At least 36 writers including Nayantara Sahgal, Ashok Vajpeyi, had returned their state awards in protest against the Sahitya Akademi's "muted response" to killings of writers and rationalists.
New Delhi:
Continuing their protest against what they call growing intolerance, prominent writers including those who had returned their Sahitya Akademi awards today wrote to the National Academy of Letters urging it reinvent itself.
"This is an urgent matter at this moment of spiraling hatred and intolerance," a group of 41 writers said a statement to the Akademi President, and also asked the literary body to "reinvent" itself.

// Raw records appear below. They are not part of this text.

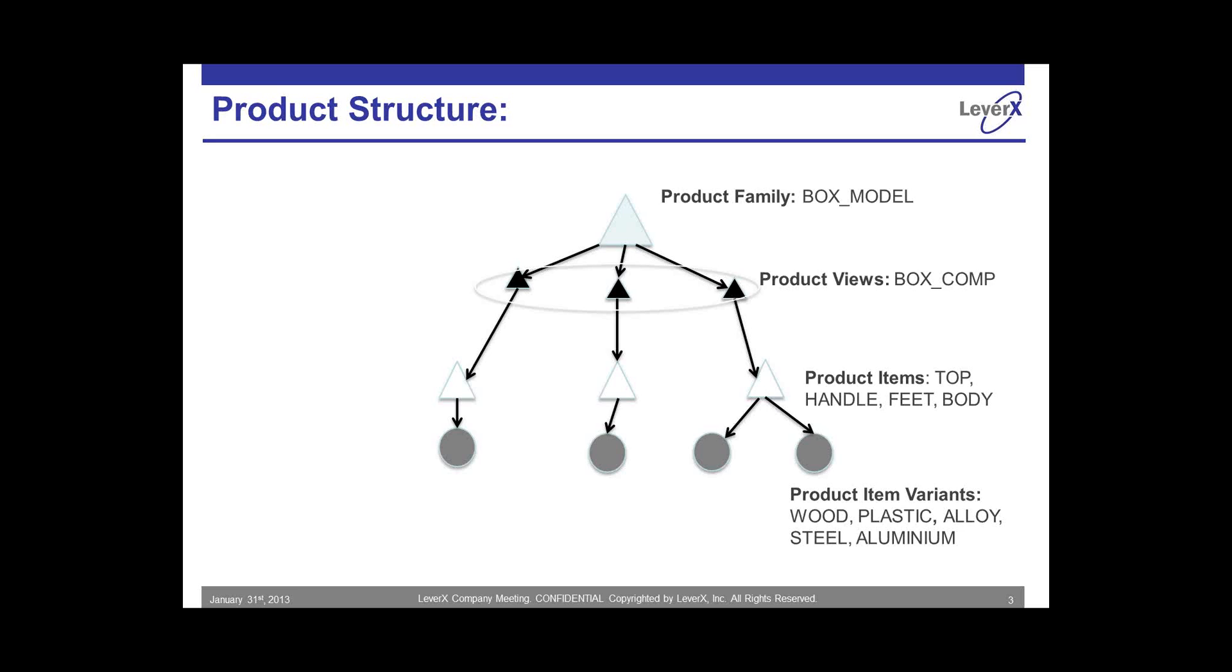A product item can have multiple product variants. For example, let me take the same example that's on your screen, the box model. The box model has four different items, product items: top, handle, seat, and the body. The box body can be made up of either steel or aluminum. So steel and aluminum here are the product item variants. Therefore, product structure management provides us with this functionality where we can have a product structure with all these different variants even before you create a bill of materials.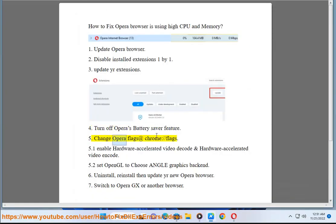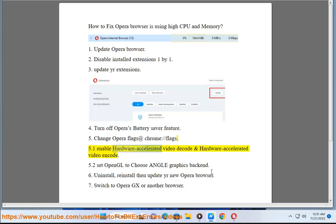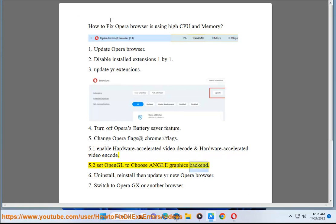Change Opera flags at chrome://flags. Enable hardware accelerated video decode and hardware accelerated video encode. Set OpenGL to choose ANGLE graphics backend.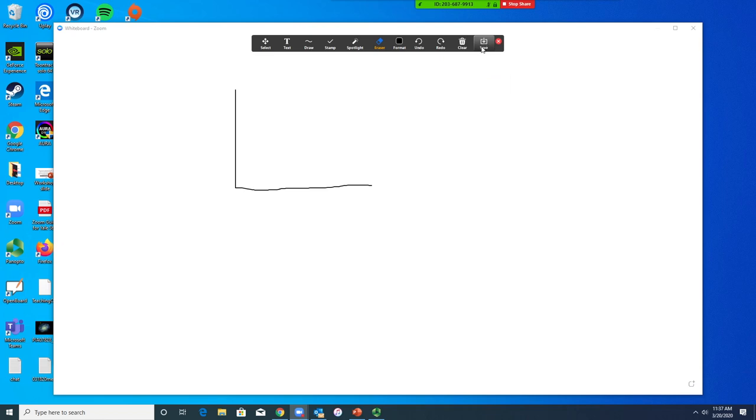You can also choose to save your whiteboard by clicking save. This saves an image file that you can later share with your students.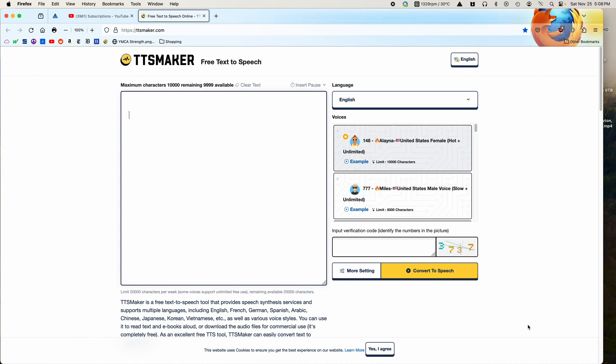This is a video on TTS Maker. I'm into text-to-speech. For the most part, I just use the built-in text-to-speech on macOS. The quality is very, very good.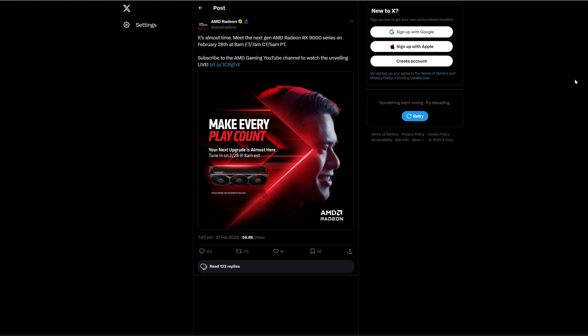On February 28th we are going to have the official announcement from AMD of the upcoming RX-9070 XT and we have loads of new leaks.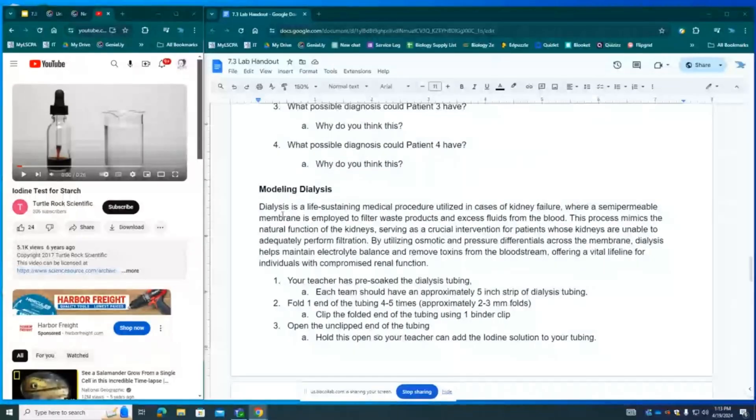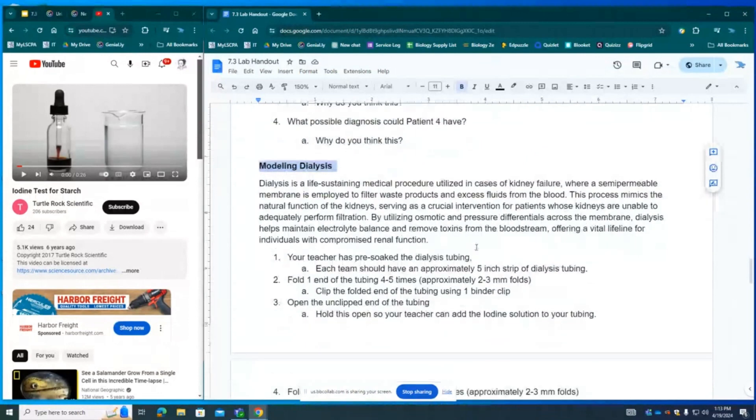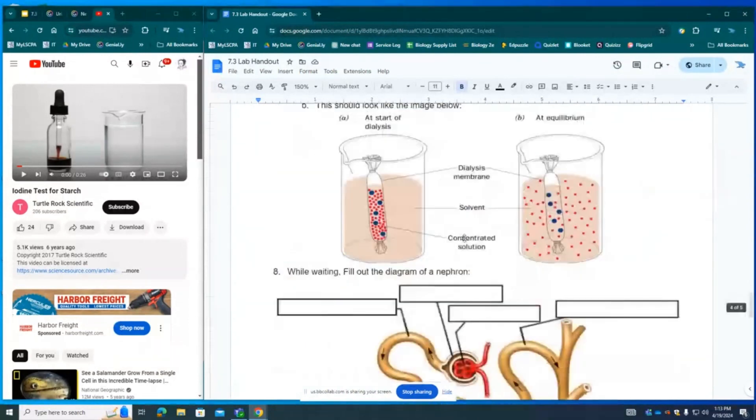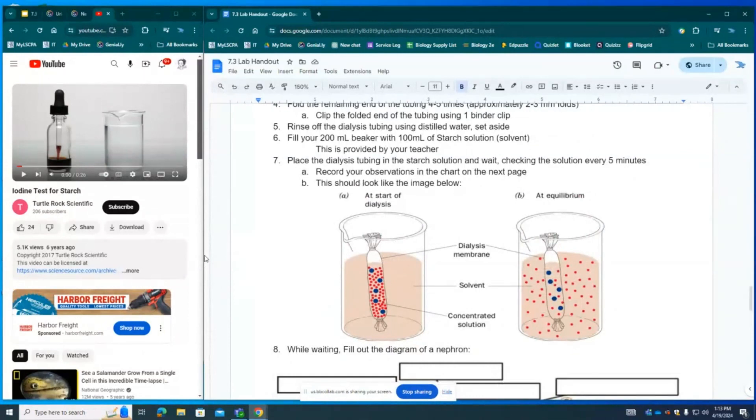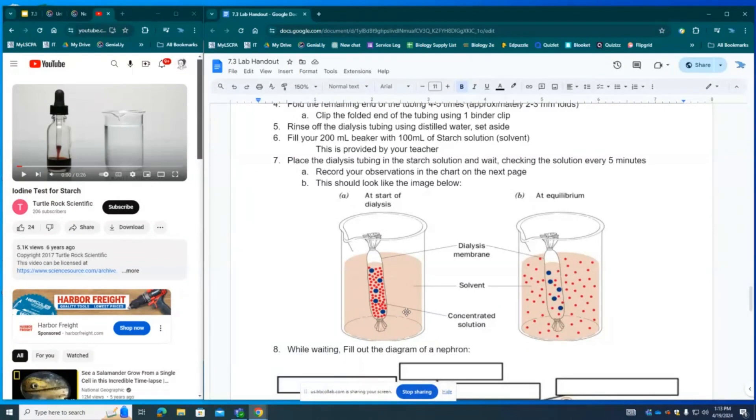Next, we will be modeling dialysis. We're going to model dialysis by setting up a dialysis experiment. And this experiment is going to be representing the process of a patient going through dialysis or the natural process that the kidneys do during normal kidney function. We're going to do this by using dialysis membrane, which is a semi-permeable membrane made out of cellulose. So small molecules can fit through it, but very large molecules cannot.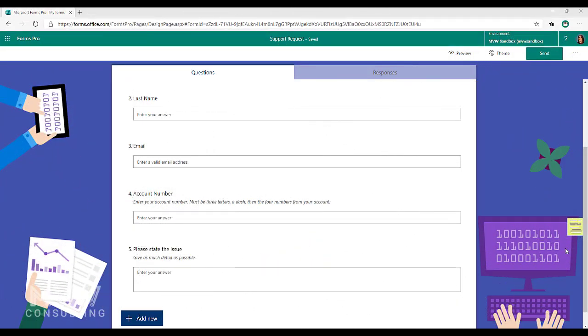In this video we're going to look at how you can add custom validation to a text field. In a previous video we'd looked at email validation, and email validation is really straightforward.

At least 36 writers including Nayantara Sahgal, Ashok Vajpeyi, had one after another returned their state awards in protest against the Akademi's "muted response" to killings of writers and rationalists, besides on incidents such as the Dadri lynching and the ink attack on aide to BJP veteran LK Advani Sudheendra Kulkarni's in Mumbai.
Five writers had also stepped down from the literary body's official positions.
Yielding to the writers' unrelenting protests, the Akademi had on October 23 strongly condemned the killings of Kannada writer MM Kalburgi and others and supported the right to freedom of speech of every writer in the country, while urging litterateurs to take back the awards that they have returned.
Noting that the resolution could have come earlier, the writers said, "but now that it has come, we urge you to build on this resolution to rethink how the Akademi can truly support its constituency of all writers in India and, by extension, the people of the country."
"As writers, we strongly feel that the Akademi can play a real and positive role by being independent and autonomous; and by responding to the situations in a strong, humane and robust manner," it said.
The authors, who have written the letter include Nayantara Sahgal, Ashok Vajpeyi, Ganesh Devy, Githa Hariharan, Gurbachan Singh Bhullar, K Satchidanandan, Keki Daruwalla, Krishn Sobti, Kum Veerabhadrappa, Sara Joseph, Shashi Deshpande and Waryam Sandhu, among others.
Commenting on the Akademi's appeal to writers to "take back" their awards and positions in the literary body, the writers said, "Whatever each writer decides, may we jointly appeal, in turn, that the Akademi reinvent itself to connect with the India we writers, our readers, and our fellow citizens live in."